INSTRUCTIONS TO FOLLOW: Go through the records below and tally the lines that include "Large". Answer with the number only.
^^^^^^^^
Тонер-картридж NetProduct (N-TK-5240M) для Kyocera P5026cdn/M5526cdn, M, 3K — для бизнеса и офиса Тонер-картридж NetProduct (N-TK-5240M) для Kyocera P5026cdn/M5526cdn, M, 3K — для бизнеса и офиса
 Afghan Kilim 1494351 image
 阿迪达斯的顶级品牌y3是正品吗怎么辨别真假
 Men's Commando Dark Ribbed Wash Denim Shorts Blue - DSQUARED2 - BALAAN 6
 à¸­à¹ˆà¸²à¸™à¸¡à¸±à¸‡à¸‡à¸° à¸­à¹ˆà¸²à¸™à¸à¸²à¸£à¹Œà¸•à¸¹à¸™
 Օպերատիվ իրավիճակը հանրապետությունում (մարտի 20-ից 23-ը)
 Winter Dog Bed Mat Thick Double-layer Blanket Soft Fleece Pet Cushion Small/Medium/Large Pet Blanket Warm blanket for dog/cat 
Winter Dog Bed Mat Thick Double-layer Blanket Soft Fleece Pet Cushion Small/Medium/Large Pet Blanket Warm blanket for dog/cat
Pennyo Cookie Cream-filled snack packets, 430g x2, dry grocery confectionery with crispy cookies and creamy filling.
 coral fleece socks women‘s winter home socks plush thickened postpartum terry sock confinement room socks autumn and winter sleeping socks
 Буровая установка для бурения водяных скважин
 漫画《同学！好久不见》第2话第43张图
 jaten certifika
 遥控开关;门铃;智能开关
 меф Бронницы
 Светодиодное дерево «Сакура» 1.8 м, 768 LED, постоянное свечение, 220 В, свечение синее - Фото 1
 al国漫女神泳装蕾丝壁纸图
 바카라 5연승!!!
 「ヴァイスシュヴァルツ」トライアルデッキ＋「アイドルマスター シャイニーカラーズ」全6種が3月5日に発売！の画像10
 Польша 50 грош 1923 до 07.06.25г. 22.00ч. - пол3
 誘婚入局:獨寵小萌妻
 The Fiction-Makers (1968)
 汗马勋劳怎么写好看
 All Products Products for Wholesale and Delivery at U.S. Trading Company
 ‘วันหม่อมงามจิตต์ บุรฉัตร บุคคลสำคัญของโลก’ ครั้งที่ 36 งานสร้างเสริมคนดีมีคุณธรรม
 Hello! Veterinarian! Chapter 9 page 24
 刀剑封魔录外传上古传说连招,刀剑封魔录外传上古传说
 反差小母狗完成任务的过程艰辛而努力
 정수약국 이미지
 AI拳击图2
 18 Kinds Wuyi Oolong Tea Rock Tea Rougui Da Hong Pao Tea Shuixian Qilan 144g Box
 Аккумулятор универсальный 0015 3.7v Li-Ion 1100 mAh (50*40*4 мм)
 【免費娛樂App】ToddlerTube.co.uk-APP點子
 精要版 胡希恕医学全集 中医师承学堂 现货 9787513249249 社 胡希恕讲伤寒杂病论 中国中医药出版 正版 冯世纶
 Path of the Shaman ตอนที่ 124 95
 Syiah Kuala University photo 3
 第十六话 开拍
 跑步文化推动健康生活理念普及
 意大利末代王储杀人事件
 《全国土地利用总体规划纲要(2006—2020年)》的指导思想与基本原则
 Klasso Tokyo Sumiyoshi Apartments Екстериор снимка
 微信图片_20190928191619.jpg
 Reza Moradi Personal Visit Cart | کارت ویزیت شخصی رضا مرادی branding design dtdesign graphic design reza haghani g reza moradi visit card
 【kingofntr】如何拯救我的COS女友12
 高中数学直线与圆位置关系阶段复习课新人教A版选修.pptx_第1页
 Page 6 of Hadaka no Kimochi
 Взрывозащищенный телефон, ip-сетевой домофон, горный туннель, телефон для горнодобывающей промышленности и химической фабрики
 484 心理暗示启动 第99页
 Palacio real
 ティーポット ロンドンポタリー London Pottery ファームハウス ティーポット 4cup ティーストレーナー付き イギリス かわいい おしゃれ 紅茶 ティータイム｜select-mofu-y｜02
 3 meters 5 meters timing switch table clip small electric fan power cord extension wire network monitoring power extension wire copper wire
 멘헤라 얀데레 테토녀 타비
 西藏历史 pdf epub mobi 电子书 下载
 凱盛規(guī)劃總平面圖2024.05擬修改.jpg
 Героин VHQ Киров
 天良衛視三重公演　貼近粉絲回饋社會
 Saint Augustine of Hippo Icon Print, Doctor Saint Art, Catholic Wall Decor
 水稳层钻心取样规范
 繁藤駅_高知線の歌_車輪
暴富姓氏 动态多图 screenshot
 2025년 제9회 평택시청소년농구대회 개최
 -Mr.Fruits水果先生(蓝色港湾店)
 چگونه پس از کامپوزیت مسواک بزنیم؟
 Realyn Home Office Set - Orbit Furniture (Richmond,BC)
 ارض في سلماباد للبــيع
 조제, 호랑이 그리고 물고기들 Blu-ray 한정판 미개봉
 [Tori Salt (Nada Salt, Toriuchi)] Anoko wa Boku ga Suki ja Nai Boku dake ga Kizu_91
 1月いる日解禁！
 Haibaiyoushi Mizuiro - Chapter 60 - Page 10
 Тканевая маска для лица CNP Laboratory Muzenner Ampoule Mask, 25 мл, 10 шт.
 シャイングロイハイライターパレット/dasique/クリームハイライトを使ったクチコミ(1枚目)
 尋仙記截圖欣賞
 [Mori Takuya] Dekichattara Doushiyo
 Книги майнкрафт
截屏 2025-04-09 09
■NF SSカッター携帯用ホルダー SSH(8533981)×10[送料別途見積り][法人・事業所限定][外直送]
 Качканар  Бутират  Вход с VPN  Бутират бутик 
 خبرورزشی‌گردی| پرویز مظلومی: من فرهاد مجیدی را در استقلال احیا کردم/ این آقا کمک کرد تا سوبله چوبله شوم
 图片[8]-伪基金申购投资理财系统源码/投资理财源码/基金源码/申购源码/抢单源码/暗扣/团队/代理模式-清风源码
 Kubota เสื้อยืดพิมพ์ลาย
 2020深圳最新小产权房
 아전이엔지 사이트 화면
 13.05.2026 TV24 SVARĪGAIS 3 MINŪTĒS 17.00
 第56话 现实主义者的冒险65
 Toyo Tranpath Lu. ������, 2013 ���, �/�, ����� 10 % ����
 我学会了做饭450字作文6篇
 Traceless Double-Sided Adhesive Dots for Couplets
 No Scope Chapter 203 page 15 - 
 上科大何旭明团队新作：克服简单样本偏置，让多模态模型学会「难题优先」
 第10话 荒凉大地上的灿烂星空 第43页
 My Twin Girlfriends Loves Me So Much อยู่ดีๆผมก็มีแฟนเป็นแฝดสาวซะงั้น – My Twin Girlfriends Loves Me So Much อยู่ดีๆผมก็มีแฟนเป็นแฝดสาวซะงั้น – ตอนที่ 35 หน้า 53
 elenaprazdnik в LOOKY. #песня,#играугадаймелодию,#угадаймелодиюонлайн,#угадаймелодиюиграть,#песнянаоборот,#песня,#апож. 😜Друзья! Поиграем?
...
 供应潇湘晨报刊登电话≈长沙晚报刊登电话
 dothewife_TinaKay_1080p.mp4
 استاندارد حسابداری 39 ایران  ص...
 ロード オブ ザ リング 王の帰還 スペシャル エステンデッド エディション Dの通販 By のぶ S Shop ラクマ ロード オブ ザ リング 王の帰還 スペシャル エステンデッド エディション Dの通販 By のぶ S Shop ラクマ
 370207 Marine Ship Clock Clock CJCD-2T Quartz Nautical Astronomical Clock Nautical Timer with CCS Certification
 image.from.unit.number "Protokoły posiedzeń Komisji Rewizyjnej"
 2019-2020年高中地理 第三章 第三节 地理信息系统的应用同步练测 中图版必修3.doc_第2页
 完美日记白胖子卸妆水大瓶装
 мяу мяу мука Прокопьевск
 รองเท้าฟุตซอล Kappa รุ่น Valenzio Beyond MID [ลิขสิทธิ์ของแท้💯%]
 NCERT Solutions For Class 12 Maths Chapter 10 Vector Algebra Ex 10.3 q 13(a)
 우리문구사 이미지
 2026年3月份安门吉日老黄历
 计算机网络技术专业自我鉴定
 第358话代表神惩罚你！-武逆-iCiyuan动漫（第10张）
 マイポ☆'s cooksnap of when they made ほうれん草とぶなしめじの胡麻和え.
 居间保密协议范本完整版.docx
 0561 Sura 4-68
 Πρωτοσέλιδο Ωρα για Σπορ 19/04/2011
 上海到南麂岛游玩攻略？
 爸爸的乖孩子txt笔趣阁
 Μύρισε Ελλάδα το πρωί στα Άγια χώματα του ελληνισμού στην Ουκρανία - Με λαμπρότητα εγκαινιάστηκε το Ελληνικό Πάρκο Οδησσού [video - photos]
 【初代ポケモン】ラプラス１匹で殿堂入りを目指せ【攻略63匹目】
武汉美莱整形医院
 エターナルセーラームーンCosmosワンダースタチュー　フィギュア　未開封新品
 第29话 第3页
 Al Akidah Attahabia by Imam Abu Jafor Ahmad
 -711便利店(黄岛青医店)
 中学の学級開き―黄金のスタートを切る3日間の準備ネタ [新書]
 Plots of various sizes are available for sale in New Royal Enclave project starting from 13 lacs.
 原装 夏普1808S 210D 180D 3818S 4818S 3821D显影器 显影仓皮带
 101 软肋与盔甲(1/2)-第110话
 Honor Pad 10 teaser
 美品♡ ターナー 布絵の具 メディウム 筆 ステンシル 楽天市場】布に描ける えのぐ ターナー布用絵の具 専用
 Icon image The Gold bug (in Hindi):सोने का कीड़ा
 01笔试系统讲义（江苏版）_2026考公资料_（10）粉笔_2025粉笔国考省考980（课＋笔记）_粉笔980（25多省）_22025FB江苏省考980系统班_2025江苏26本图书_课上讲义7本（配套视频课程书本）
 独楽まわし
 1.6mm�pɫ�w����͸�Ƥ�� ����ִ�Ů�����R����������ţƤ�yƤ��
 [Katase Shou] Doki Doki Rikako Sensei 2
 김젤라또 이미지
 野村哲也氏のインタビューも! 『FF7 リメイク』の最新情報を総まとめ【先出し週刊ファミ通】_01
^^^^^^^^
EXERCISE SOLUTION: 2